Task to carry out — In the data below, the answer is the run of lines from the line containing "Building Photo - 220 Furrows Rd" through the line containing "Trong khi đó", both included; print it exactly and nothing else.
________________
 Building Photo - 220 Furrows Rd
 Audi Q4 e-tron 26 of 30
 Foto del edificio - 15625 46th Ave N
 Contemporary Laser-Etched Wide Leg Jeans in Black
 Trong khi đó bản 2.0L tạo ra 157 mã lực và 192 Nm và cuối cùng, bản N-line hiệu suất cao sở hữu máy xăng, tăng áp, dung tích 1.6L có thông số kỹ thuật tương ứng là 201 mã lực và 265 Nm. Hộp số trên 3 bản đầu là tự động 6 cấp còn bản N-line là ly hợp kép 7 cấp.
________________
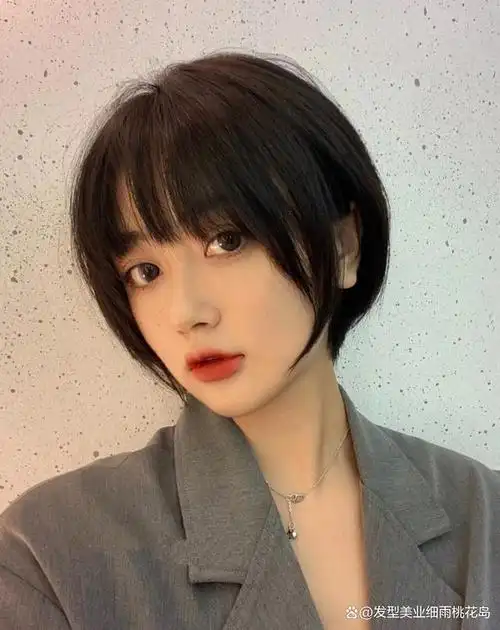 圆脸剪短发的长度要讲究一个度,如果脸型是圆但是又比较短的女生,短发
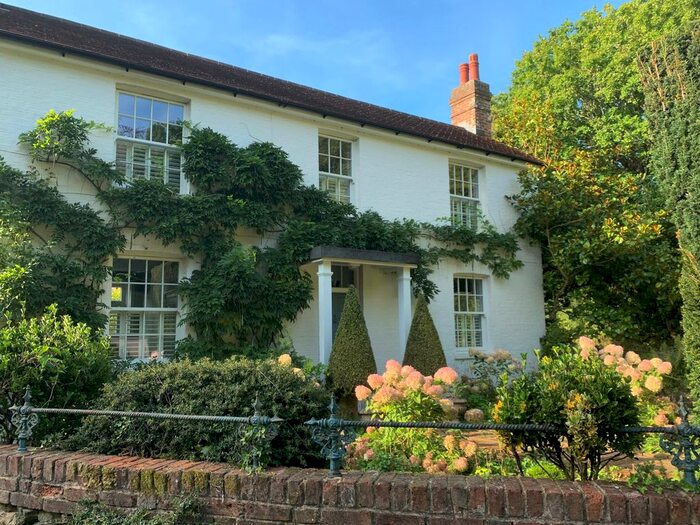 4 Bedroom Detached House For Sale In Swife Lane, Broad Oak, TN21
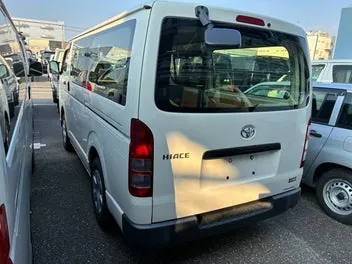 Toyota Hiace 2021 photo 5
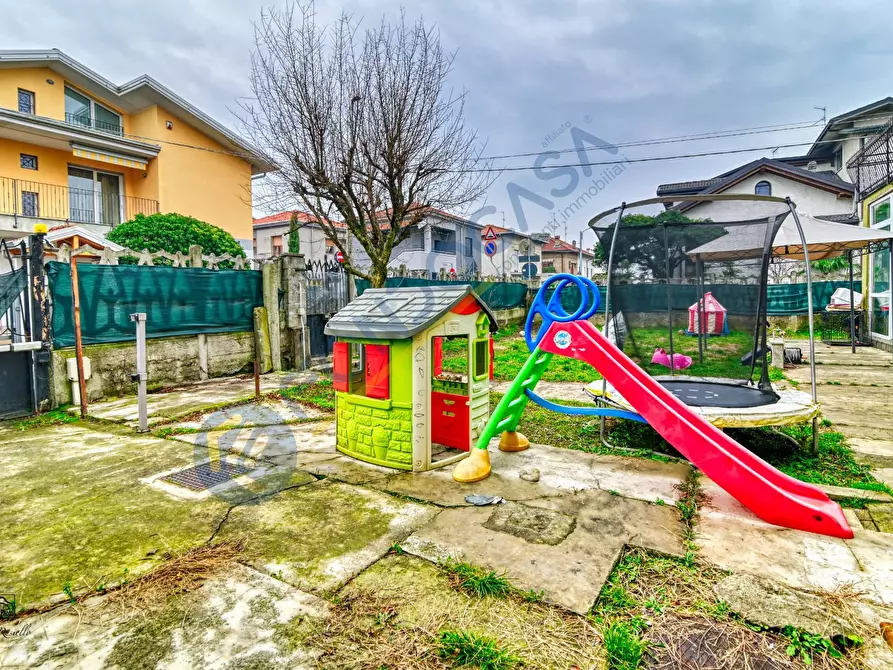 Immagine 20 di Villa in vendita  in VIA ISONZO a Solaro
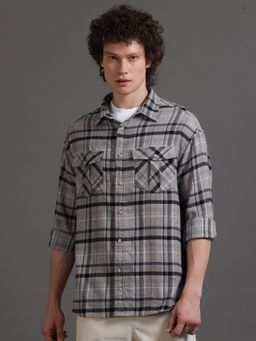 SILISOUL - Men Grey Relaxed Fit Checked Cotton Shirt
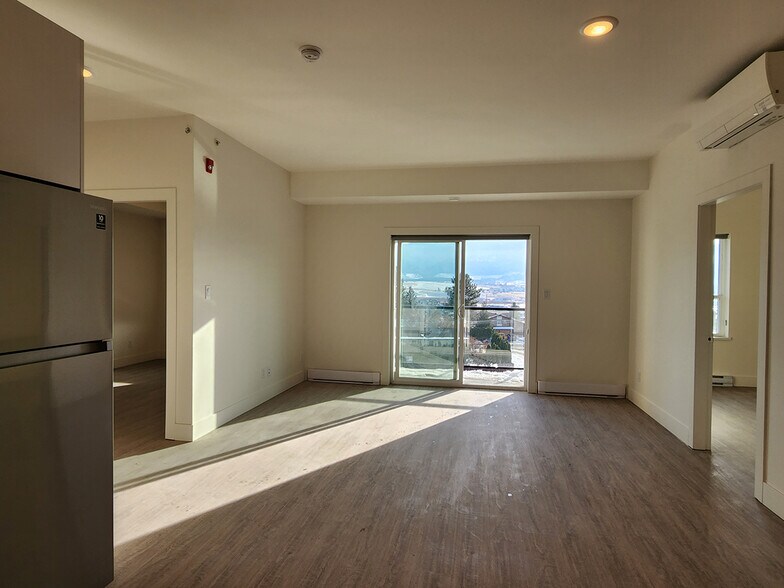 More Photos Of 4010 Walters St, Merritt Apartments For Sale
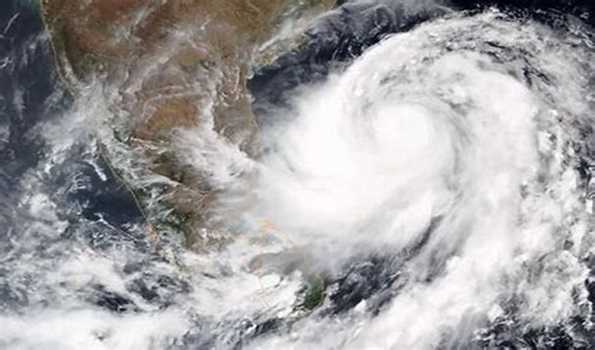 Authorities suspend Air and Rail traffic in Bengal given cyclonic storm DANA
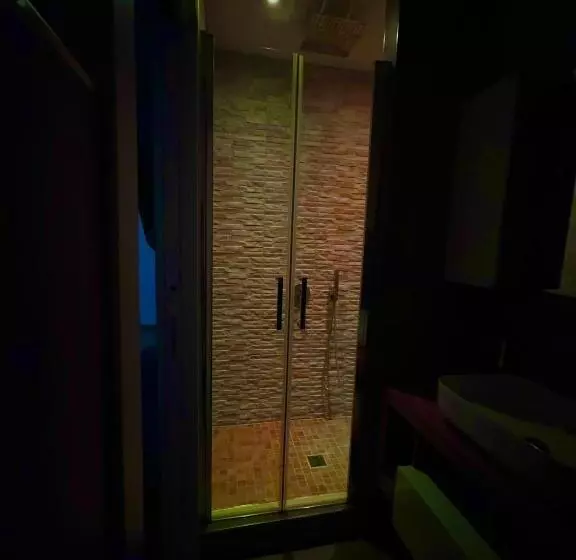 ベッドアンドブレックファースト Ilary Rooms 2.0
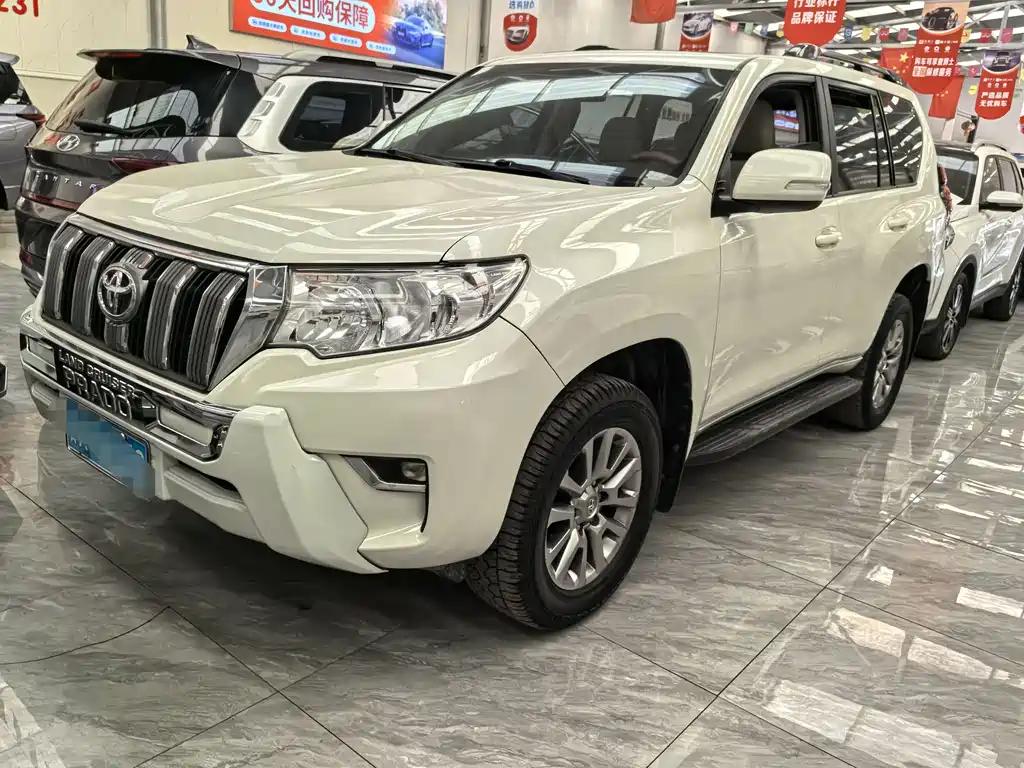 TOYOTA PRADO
________________
Response to this exercise —
 Building Photo - 220 Furrows Rd
 Audi Q4 e-tron 26 of 30
 Foto del edificio - 15625 46th Ave N
 Contemporary Laser-Etched Wide Leg Jeans in Black
 Trong khi đó bản 2.0L tạo ra 157 mã lực và 192 Nm và cuối cùng, bản N-line hiệu suất cao sở hữu máy xăng, tăng áp, dung tích 1.6L có thông số kỹ thuật tương ứng là 201 mã lực và 265 Nm. Hộp số trên 3 bản đầu là tự động 6 cấp còn bản N-line là ly hợp kép 7 cấp.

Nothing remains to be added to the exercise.